● **Task objective**: Set down the data below in full and exactly, minus the pictures.

● **Given information**:
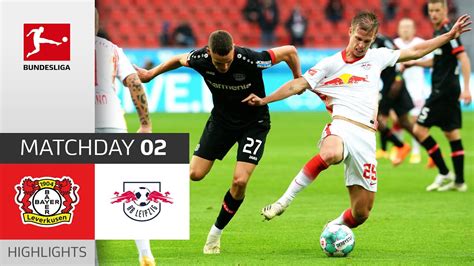 Bayer 04 Leverkusen Rb Leipzig 1 1 Highlights Matchday 2 Bundesliga 202021 Youtube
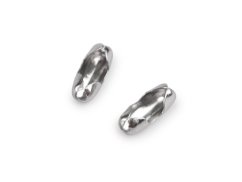 Spojka / koncovka na kuličkový řetízek z nerezové oceli 3x7 mm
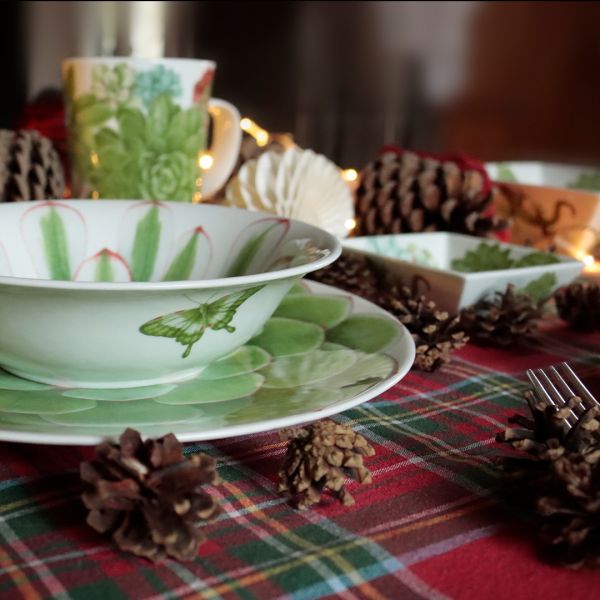 Taitu Desert Rose Fine Bone 23Cm 4Lu Tabak Seti (1)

● **Written answer**:
 Bayer 04 Leverkusen Rb Leipzig 1 1 Highlights Matchday 2 Bundesliga 202021 Youtube
 Spojka / koncovka na kuličkový řetízek z nerezové oceli 3x7 mm
 Taitu Desert Rose Fine Bone 23Cm 4Lu Tabak Seti (1)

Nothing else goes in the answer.